→ **Your task**: Restrict the output to the lines below starting at the one that contains "simple process flow" and ending at the one that contains "다보링크, 실리콘 음극재 시장 본격 진출", and restate them word for word, both ends included.

→ **Material to process**:
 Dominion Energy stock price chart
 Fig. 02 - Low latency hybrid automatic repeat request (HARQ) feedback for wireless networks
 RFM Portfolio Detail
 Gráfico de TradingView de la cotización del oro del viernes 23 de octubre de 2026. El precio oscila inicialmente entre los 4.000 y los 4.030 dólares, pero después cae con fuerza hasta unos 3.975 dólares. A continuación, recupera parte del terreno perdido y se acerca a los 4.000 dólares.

...

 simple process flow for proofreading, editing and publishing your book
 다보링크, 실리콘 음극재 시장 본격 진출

→ **Solution**:
 simple process flow for proofreading, editing and publishing your book
 다보링크, 실리콘 음극재 시장 본격 진출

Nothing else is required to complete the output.